Sharan Burrow, International Trade Union Confederation (ITUC) general secretary, has been scathing, claiming Qatar has used its financial muscle over other governments to gain more time, after years of empty promises to bring its system of slave labour to an end.

“Worst of all, governments from Asia and Africa, where most of the 1.5 million migrant workers in Qatar come from, refused to stand up for their own people. A further six-month delay will cost scores of lives as workers are forced to work through the incredibly hot summer months without basic protection and at the mercy of Kafala employers,” says Burrow.

The sub-text to all of this is the increased likelihood of Qatar being able to defeat any move to strip it of the right to host the 2022 World Cup at the upcoming FIFA congress – the assumption being Asian, African and Latin American FIFA members will oppose moves by Western football federations to significantly increase pressure on Qatar to reform its controversial sponsorship system.
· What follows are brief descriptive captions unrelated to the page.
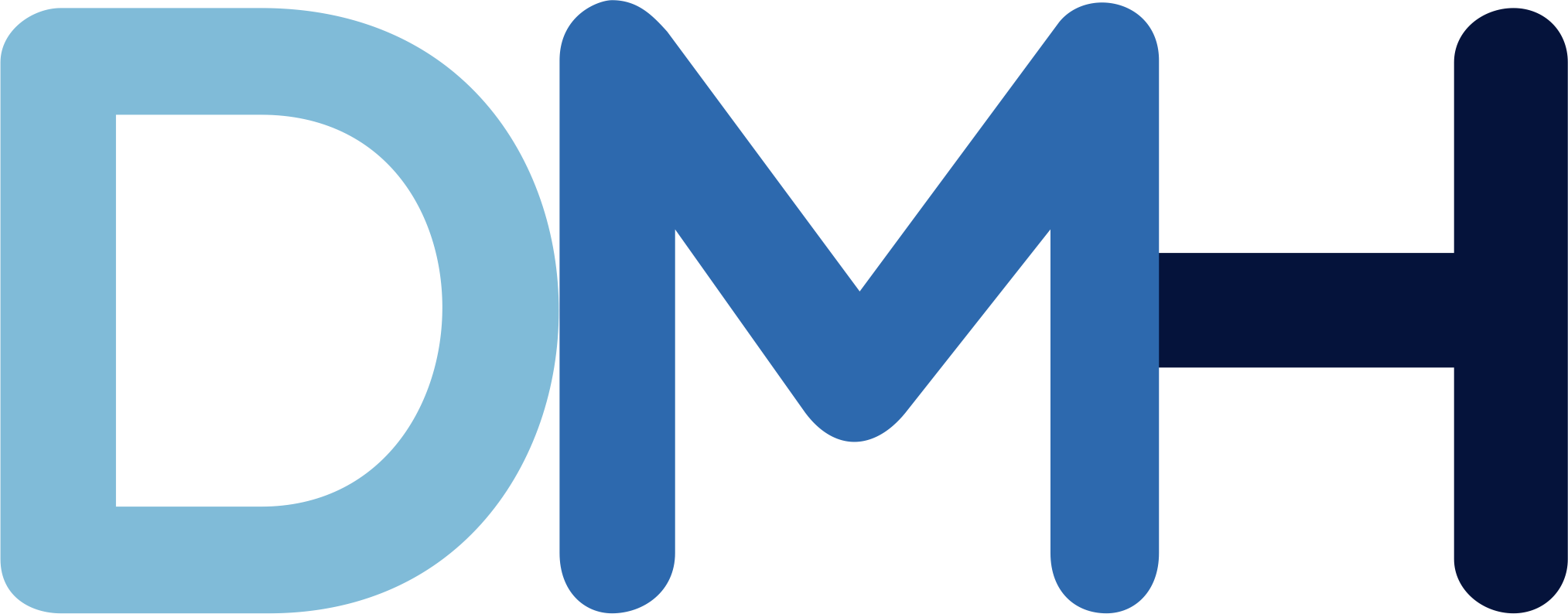 DMH Logo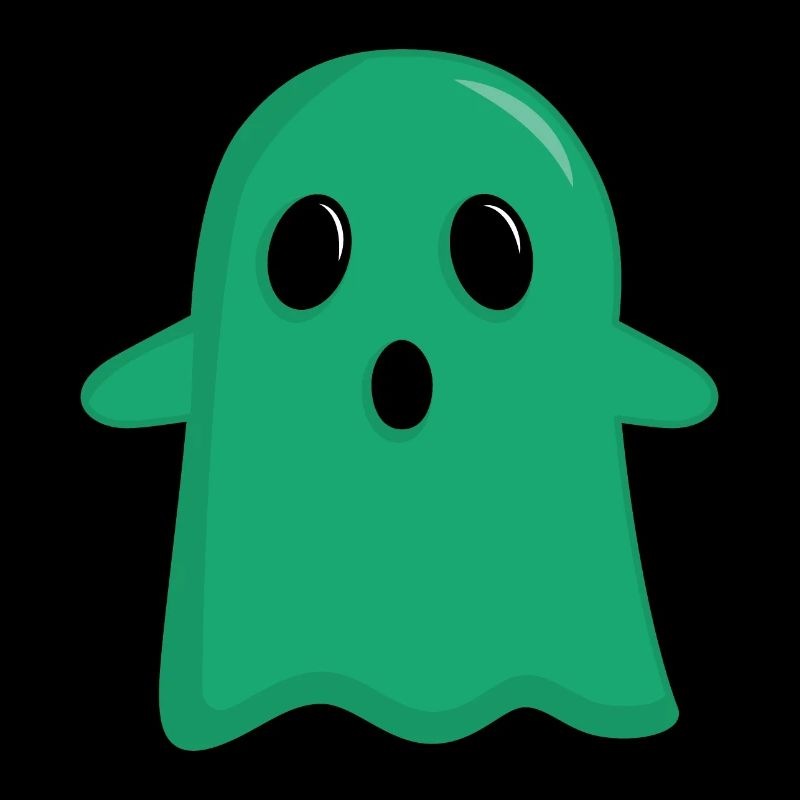 Fantôme vert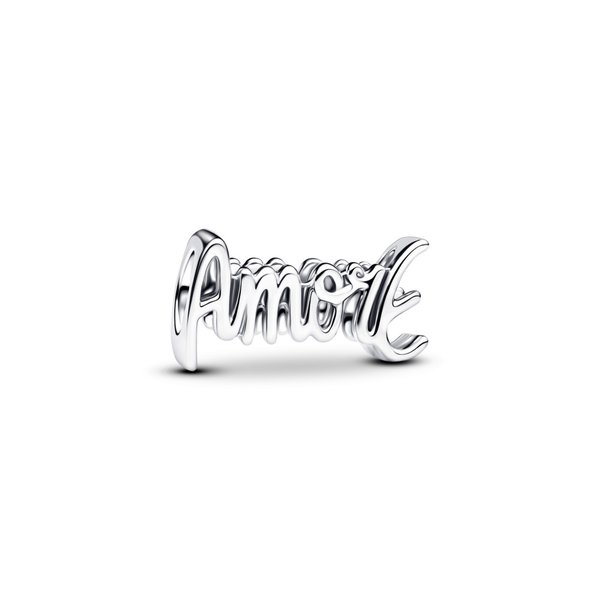 Pandora ékszer Amore ezüst charm 794434C00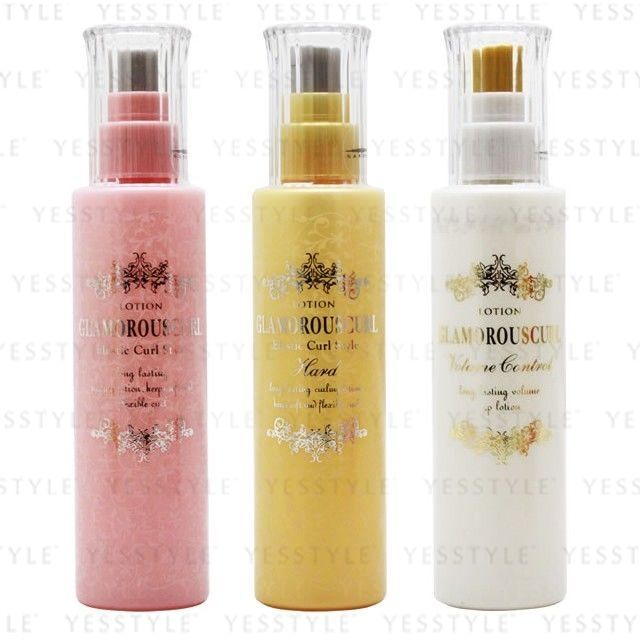 Nakano Glamorouscurl N Lotion
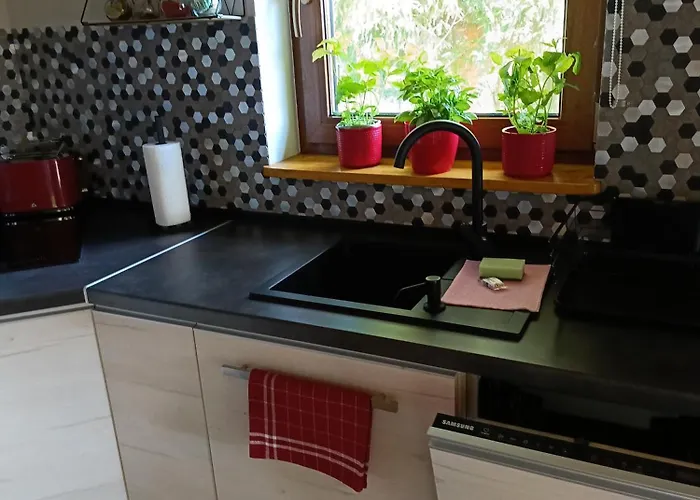 Prázdninový dům Raszowka Kamienna Gora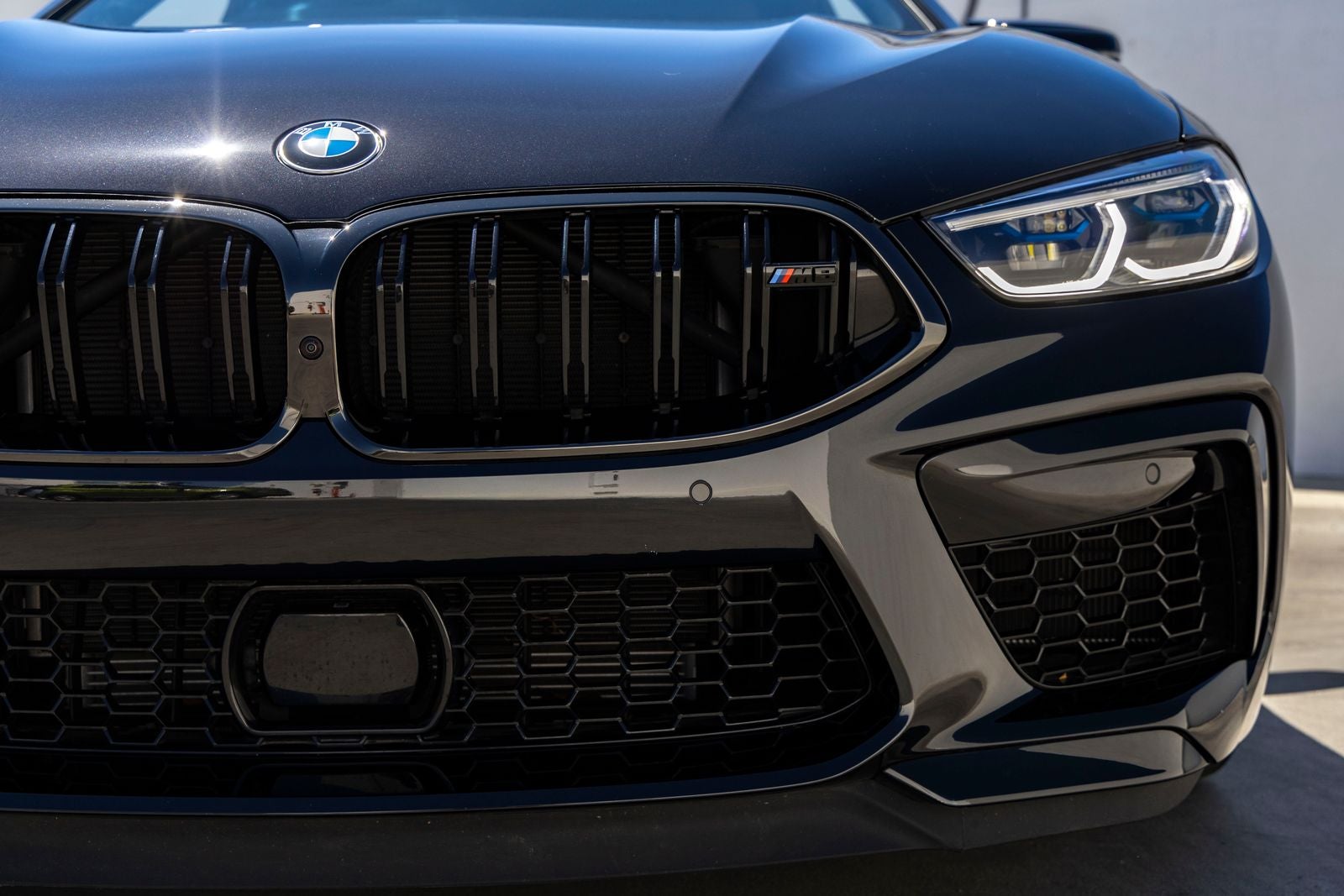 2024 BMW M8 Competition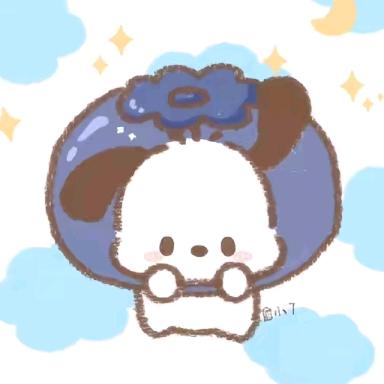 蓝蓝蓝莓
It also undercuts a warning in March – issued by FIFA president Sepp Blatter after talks with Qatar’s Emir Sheikh Tamim bin Hamad bin Khalifa Al Thani – that more needed to be done to improve the working conditions of migrant labourers. Although cynics argue that Blatter’s comments were nothing more than self- serving sound bites to improve his public image and demonstrate FIFA’s ‘sensitivity’ to the migrant labour issue.
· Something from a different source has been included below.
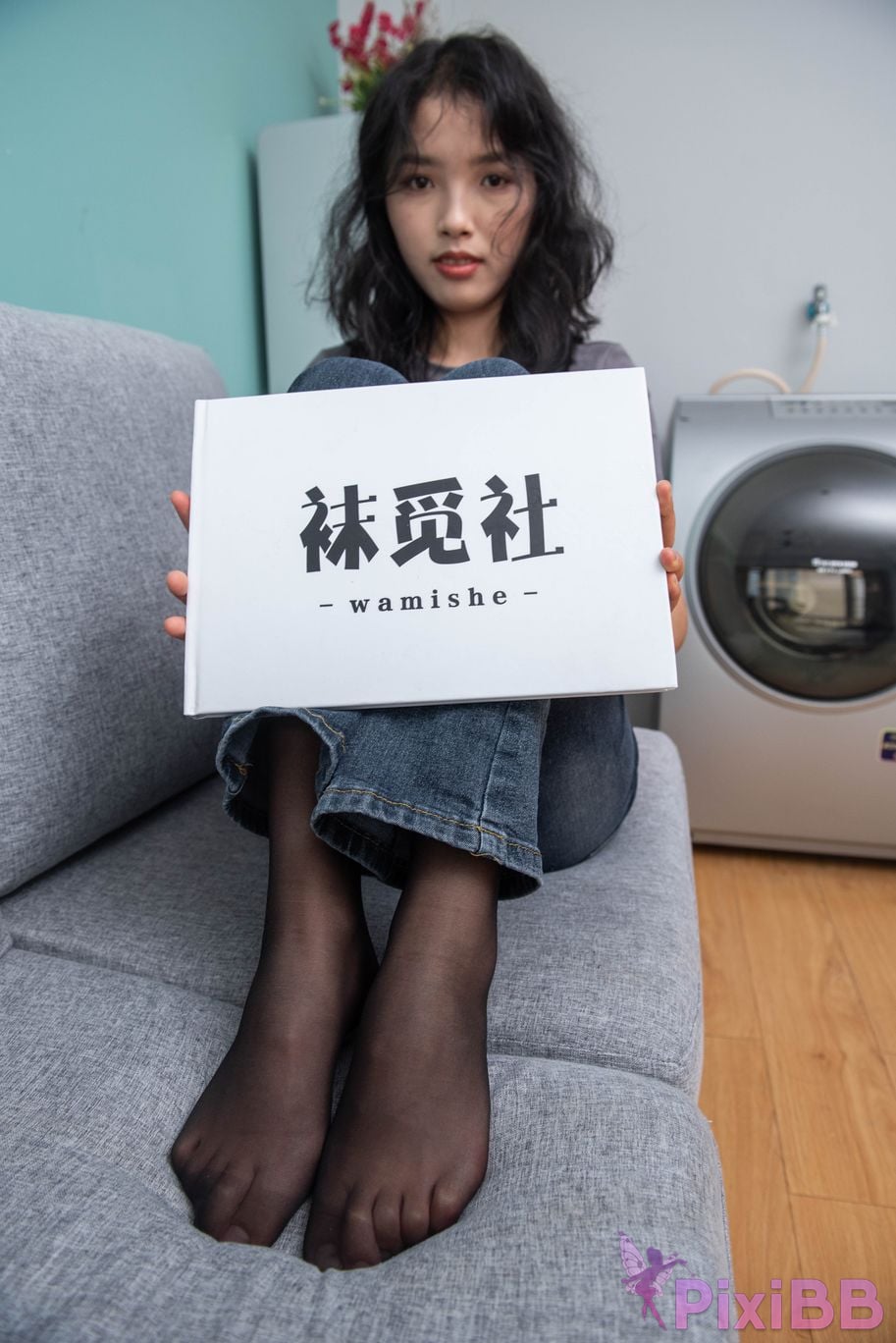 Kashishasha No.001 Xiaoxue PixiBB.COM 090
They also contend that Blatter’s comments were intended to fend off growing criticism within FIFA that was very publicly aired after outgoing FIFA executive committee member, Theo Zwanziger, issued a call to strip Qatar of its hosting rights, warning that the next FIFA congress could see a motion tabled by member associations to replace Qatar with another host country.

Zwanziger’s successor on the executive committee, German Football Association president, Wolfgang Niersbach, has already gone on record as saying Qatar is too small a country to stage the World Cup and has previously expressed concern/irritation about the impact of a winter World Cup on domestic European football leagues.
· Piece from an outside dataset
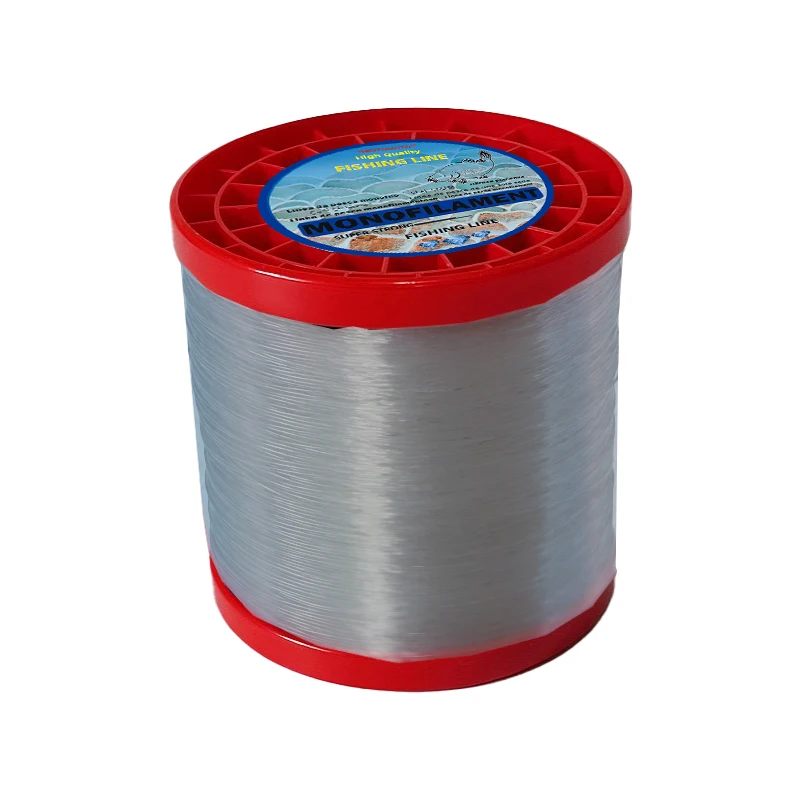 3500m-150m Monofilament Fishing Line 7LB-150LB Strong and Abrasion  Resistant Nylon Line 0.25mm-1.40mm Fishing Wire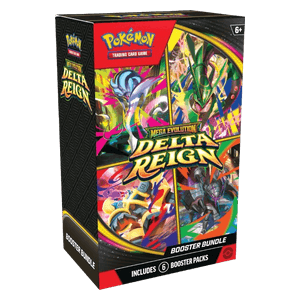 Pokemon Delta Reign Booster Bundle Englisch Preorder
Meanwhile, German Vice Chancellor Sigmar Gabriel has called for improved working conditions following a recent personal visit to a construction site in Doha.

Despite the widespread criticism regarding worker protection, the Qatar government counters it has already instituted a number of measures. Its Supreme Committee for Delivery & Legacy, tasked with delivering proposed tournament venues and projects for the World Cup, released a Workers Charter back in 2013 that would require all potential contractors and sub-contractors to ensure delivery of their projects will comply with principles, as well as relevant Qatari laws.

More importantly: “All workers engaged on its projects, and those working on other infrastructure projects in Qatar, have the right to be treated in a manner that ensures their well-being, safety, security and dignity at all times.”

It adds: “We have developed a robust set of Workers’ Welfare Standards, which are incorporated into all of our contracts. These standards – which are aligned with Qatari law and international best practice – set clear guidelines that protect the rights of workers throughout the entire chain of contracting, from recruitment to repatriation.”

The Qatari government has also pointed to a 25 per cent increase in the number of site inspectors deployed, a 50 per cent increase in the required minimum space to house each worker, improved health and safety regulations and the closing down of a number of ‘unsafe’ worksites for breaching labour laws.

Yet, in the absence of firm action so far, criticism by the likes of Amnesty International, the ITUC and even the UN, where a number of the more than 80 countries speaking last year at
the UN Human Rights Council panel reviewing Qatar’s human rights record, expressed concerns, has failed to see comprehensive reform.

And with the ILO effectively having given the Qatar government a six-month pass to institute significant changes, the prospects of a swift root and branch resolution of this long festering issue are not good, in the short term at least.